It was a kingdom, albeit one tightly controlled by a small group of people. As the historian Michael Lynch has remarked, Scotland had a “a distinct sense of its own identity”, which was carefully scrutinised and examined. “Kings,” added Lynch, “were tested as never before, in their dual roles as warlord and good lord of their subjects. The peoples of the kingdom – from magnates to freeholders, husbandmen or burgesses – were for the first time dragged on to the national stage for a long period.”
Of course war with England was a constant threat, and a debilitating and distracting factor. For decades Scotland lived with the neurosis of attack from its nearest neighbour – as South Korea does today from North Korea.
This is the context in which the Declaration of Arbroath was composed. What are now known as the Wars of Independence raged for years. The initiator was Edward I, who, in Flower of Scotland, must be sent homeward to think again. Seizing the opportunity of a power vacuum, he laid claim to Scotland, wreaking havoc and killing wantonly.
The Stone of Destiny was seized and taken to Westminster Abbey. Scotland, as well as Wales and Ireland, was to be subjected to English rule. Subsequently, in 1305, Pope Clement V recognised Edward’s claim of overlordship of Scotland and excommunicated Robert the Bruce for the murder of his rival John Comyn in Dumfries in 1306.

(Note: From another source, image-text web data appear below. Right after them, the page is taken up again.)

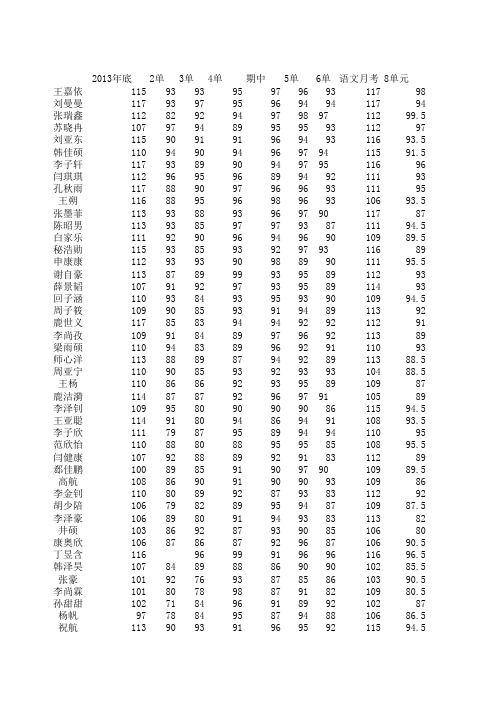 五年级语文品德周月考成绩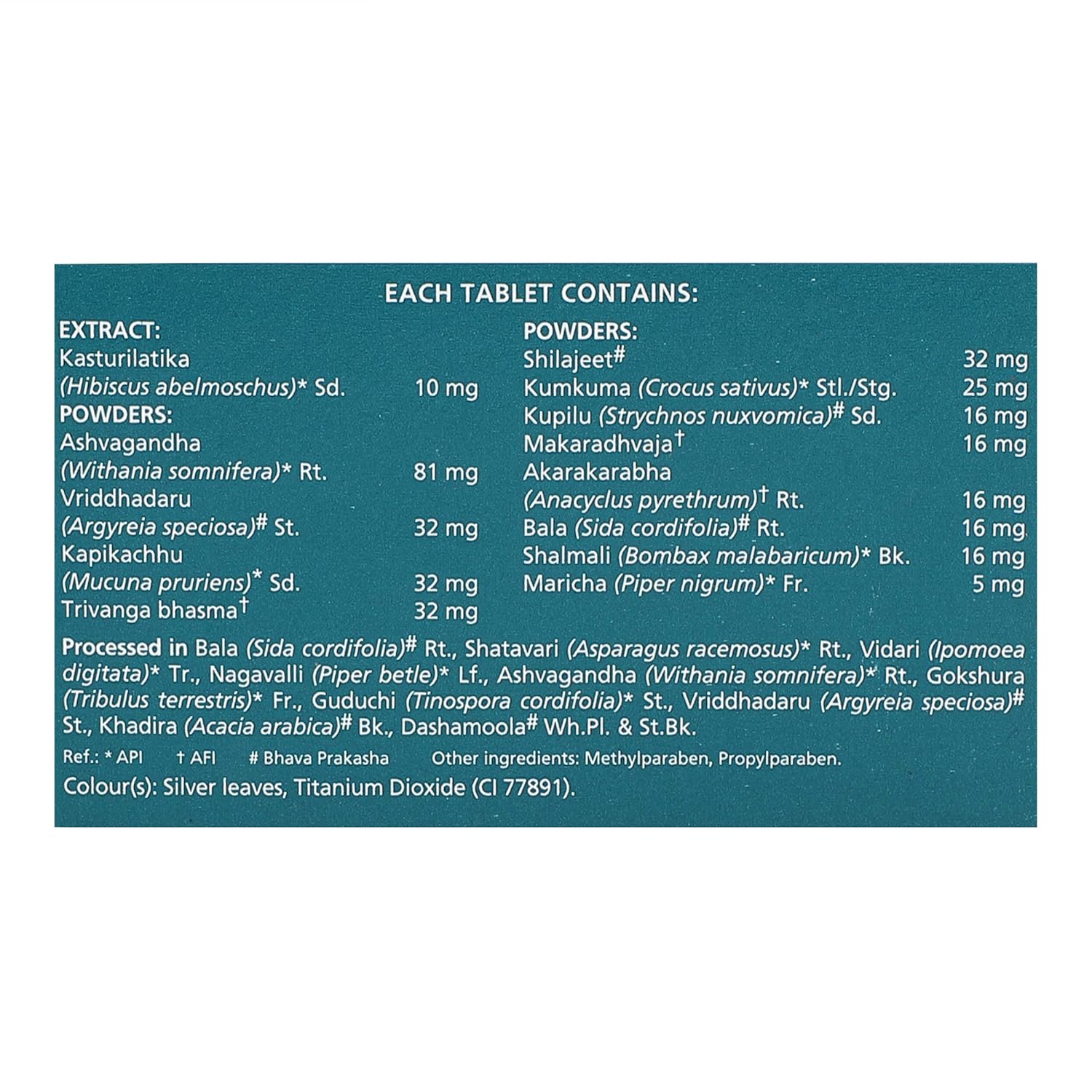 Himalaya Wellness Tentex Forte, Increases Desire, Libido Enhancer | Power Of Ashvagandha & Shilajeet | Strip Of 10 Tabs *10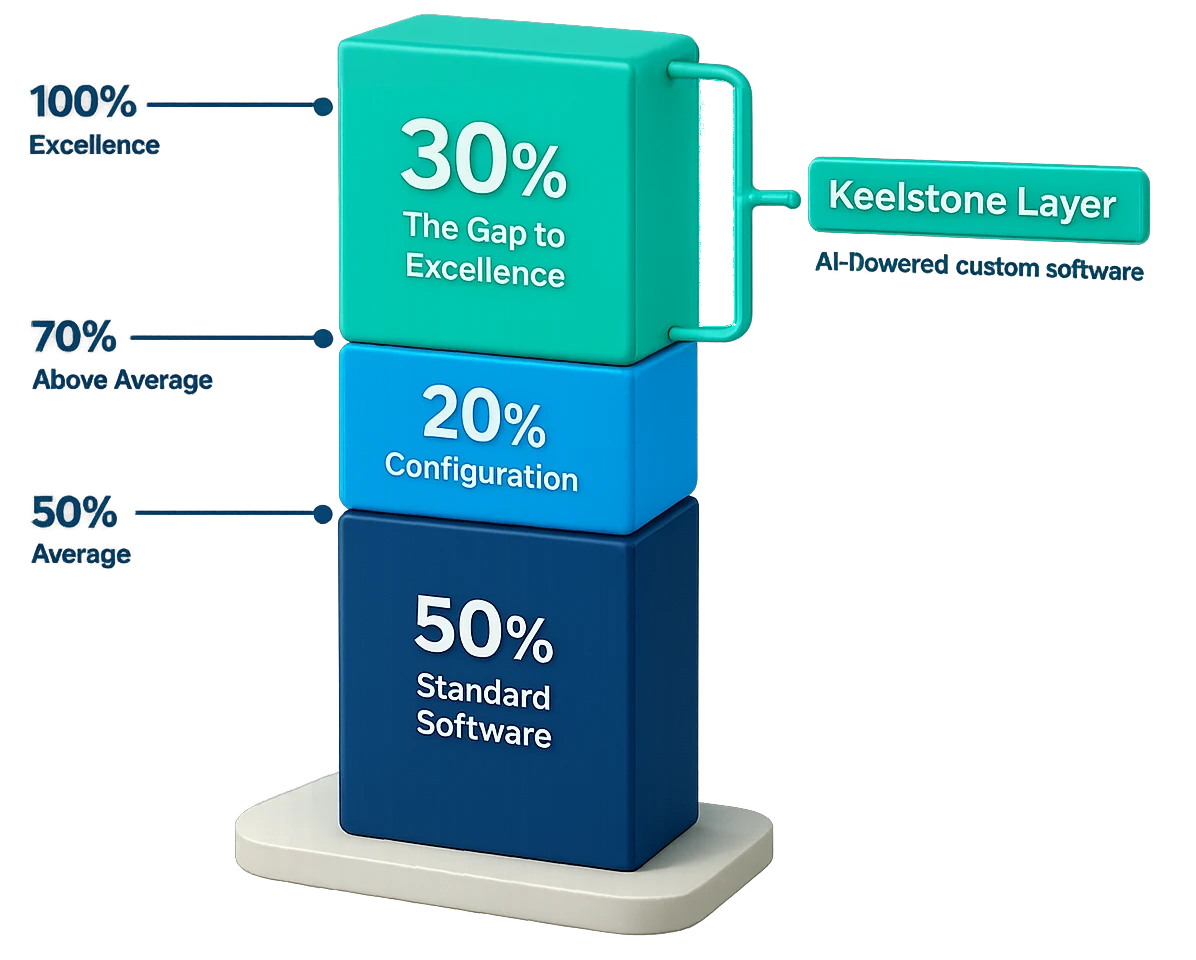 Layer diagram showing standard software, configuration, the gap to excellence, and the Keelstone layer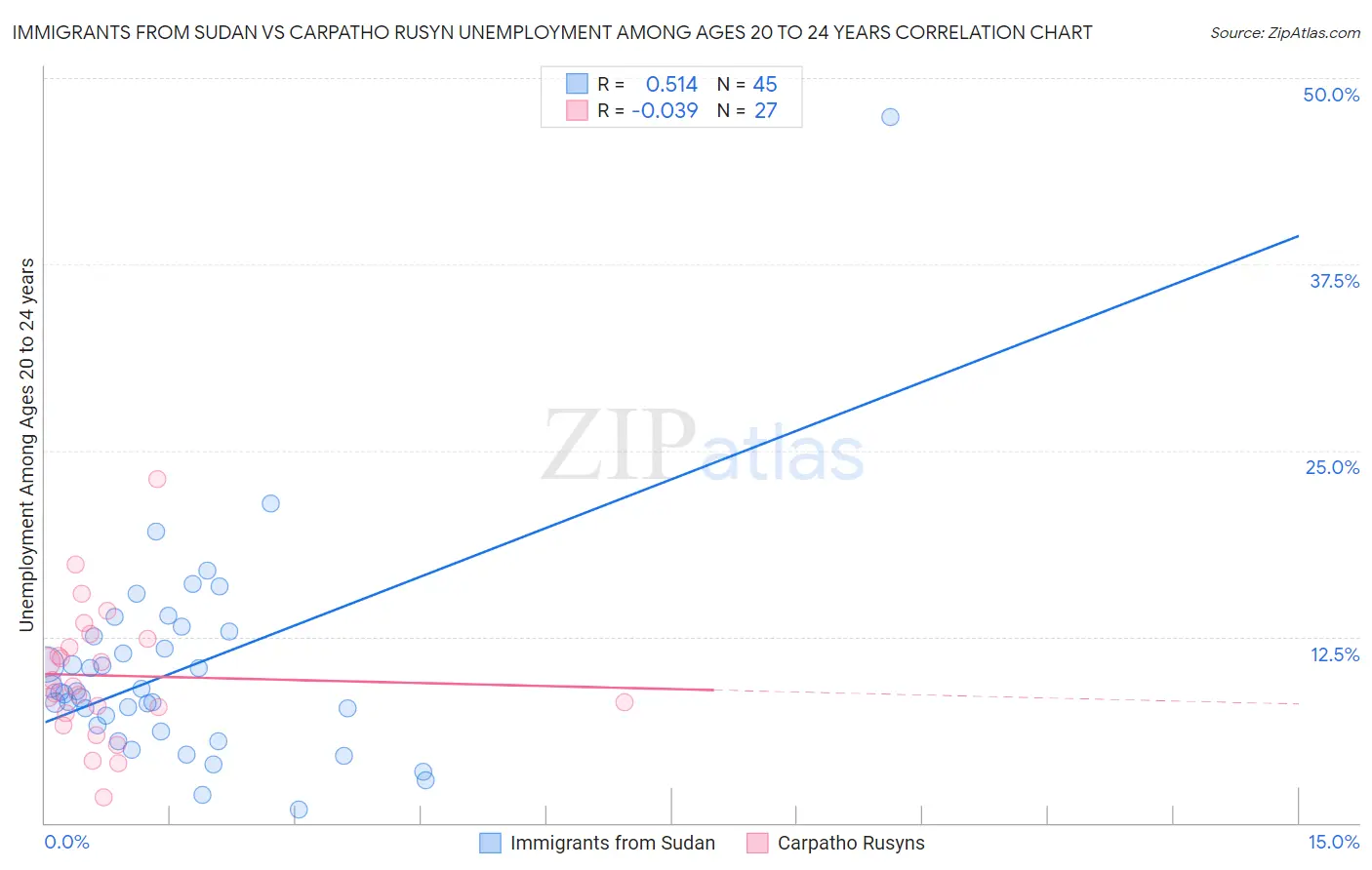 Immigrants from Sudan vs Carpatho Rusyn Unemployment Among Ages 20 to 24 years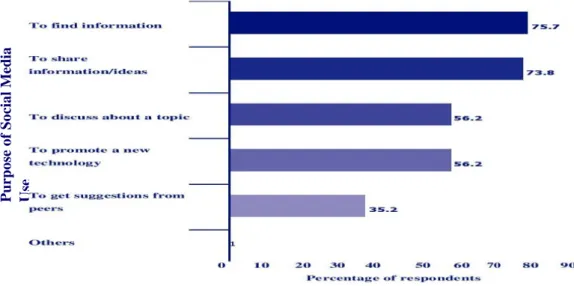 Figure 5. Use of social media for agricultural information purpose  Source: Suchiradipta &amp; Saravanan (2016) 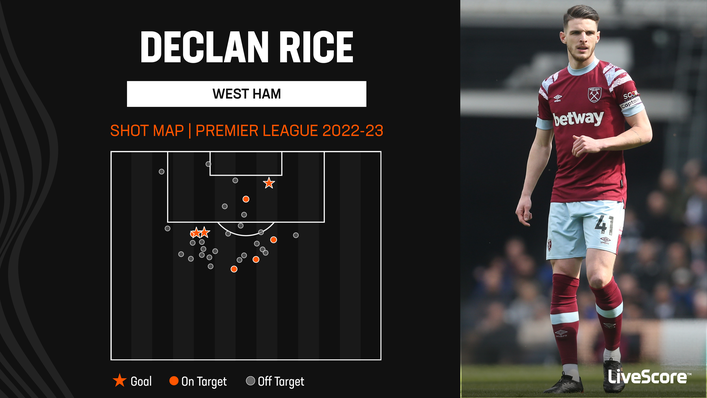 Declan Rice has scored three Premier League goals this season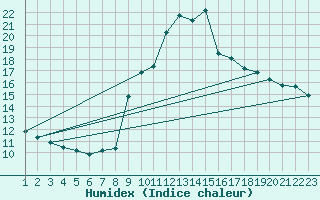 Courbe de l'humidex pour La Comella (And)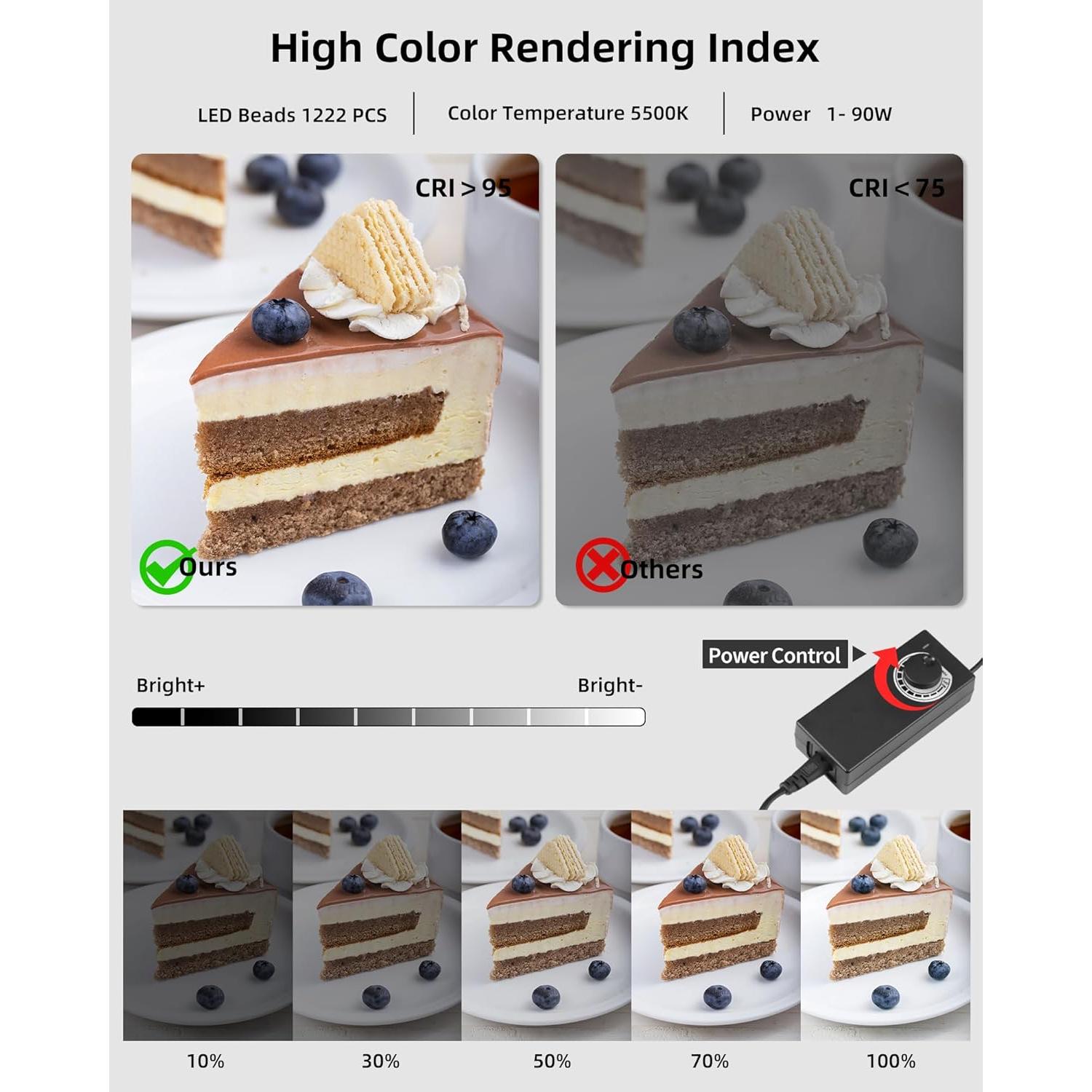 Glendan Upgrade Professional Portable Photo Studio Light Box with 1222 LED Lights, 20"x20" Soft Box, 4 Color PVC Backdrops for Jewelry and Product Photography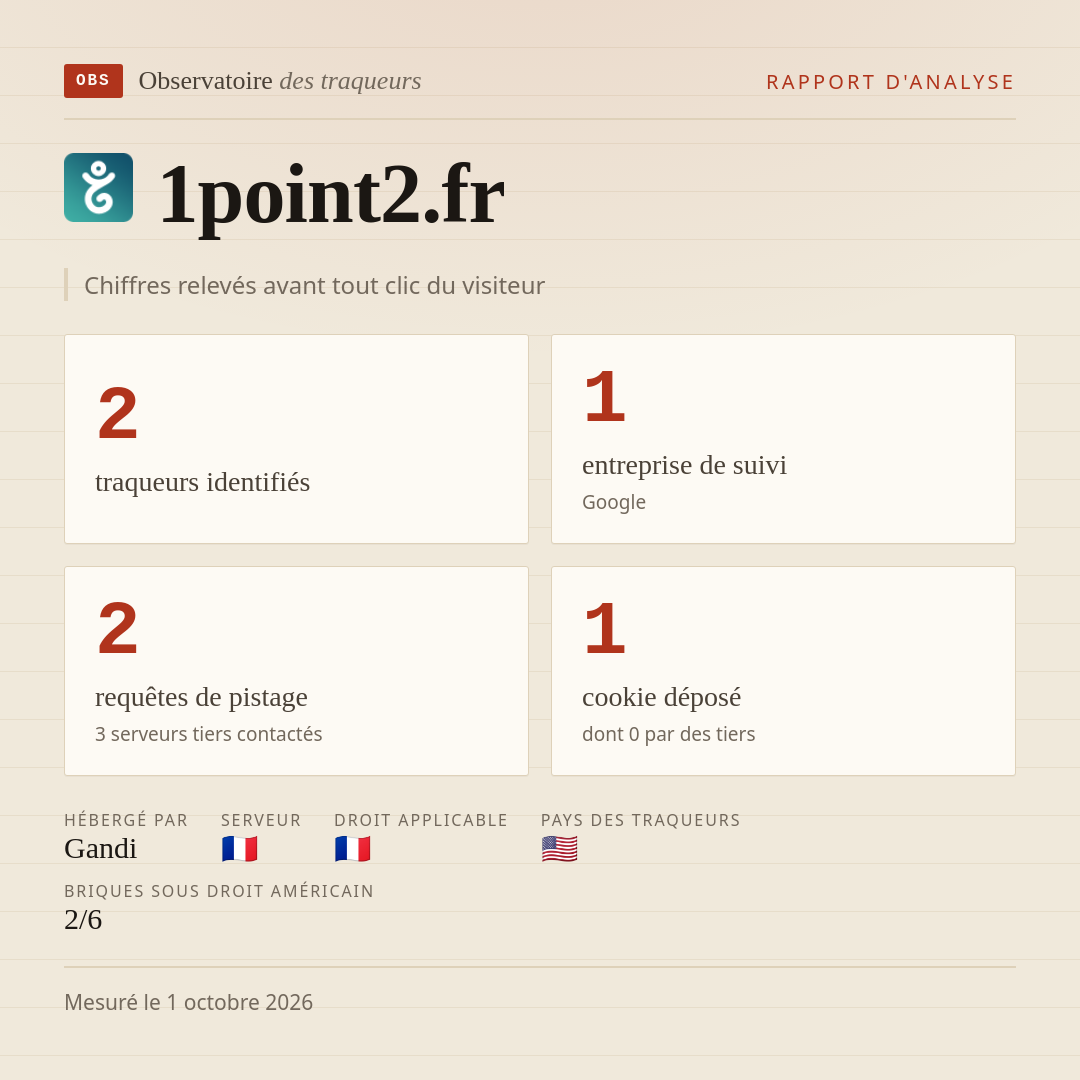 1point2.fr : 2 traqueurs identifiés, 1 entreprise de suivi, 2 requêtes de pistage. Chiffres relevés avant tout clic du visiteur.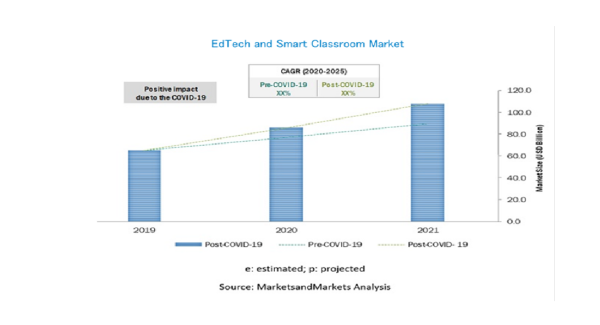 EdTechおよびスマートクラスルームの市場規模、2025年には1813億米ドル到達予測　モバイルデバイスの普及により市場の成長を後押し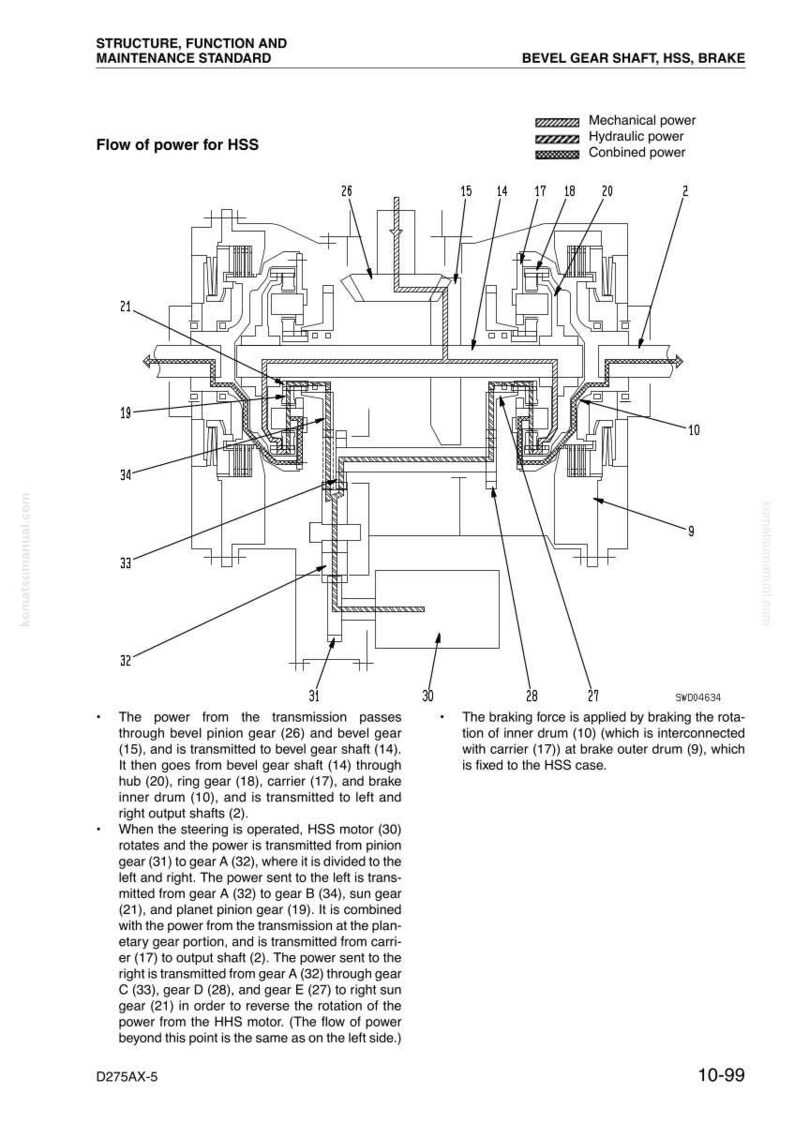 May include: Diagram of a bevel gear shaft, HSS, brake system, with labels indicating mechanical, hydraulic, and combined power. The diagram shows the flow of power through various gears and components.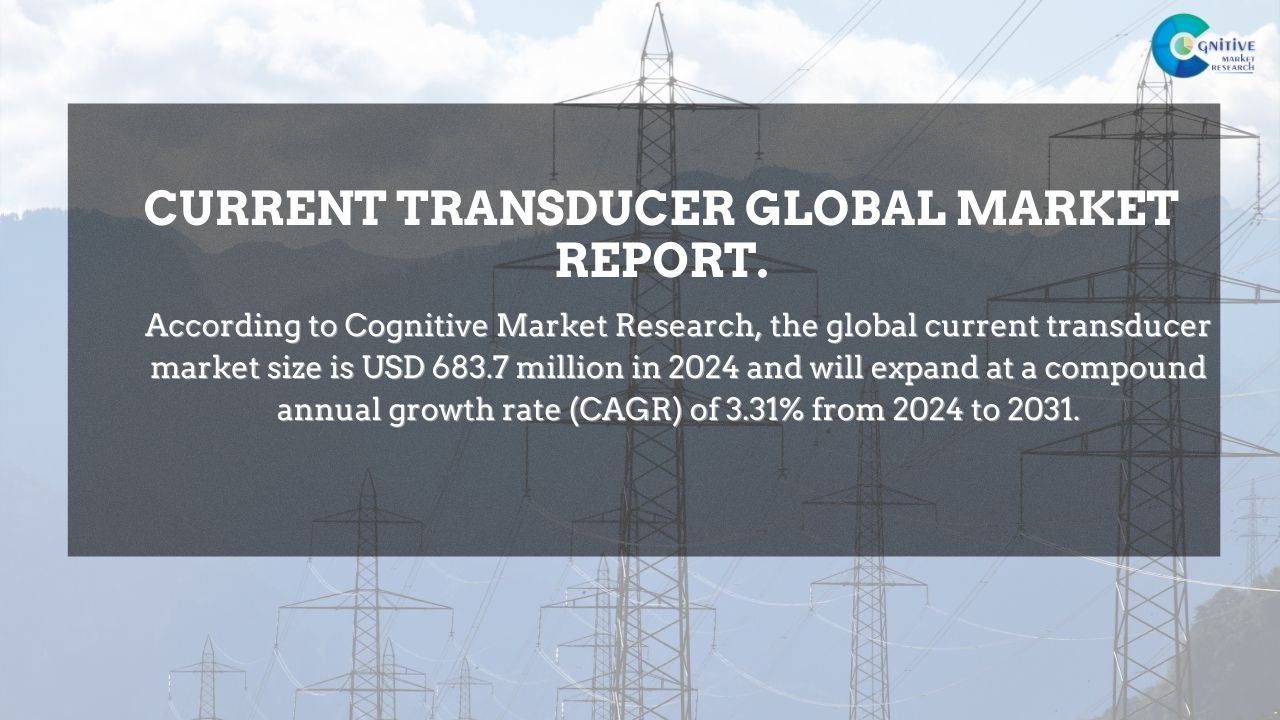 Current Transducer Market Report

It was in a bid to have Bruce’s excommunication lifted that the 39 signatories of the Declaration of Arbroath – eight earls and 31 barons – petitioned the new pope, John XXII, who was then based in Avignon in France. Written originally in Latin just six years after the Battle of Bannockburn, it eloquently expressed the heartfelt anxieties and wishes of the country’s leaders. Who its principle author was we cannot be sure, though it has been popularly assumed to have been one Bernard de Linton, Abbot of Arbroath. Its style is ornate, as papal protocol demanded, but its sentiments are clear, as articulated in its most famous and sonorous passage: “Yet if he [Robert the Bruce] should give up what he has begun, seeking to make us or our kingdom subject the King of England or the English, we should exert ourselves at once to drive him out as our enemy and a subverter of his own right and ours, and make some other man who was well able to defend us our King; for, as long as a hundred of us remain alive, never will we on any conditions be subjected to the lordship of the English. It is in truth not for glory, nor riches, nor honours that we are fighting, but for freedom alone, which no honest man gives up but with life itself.”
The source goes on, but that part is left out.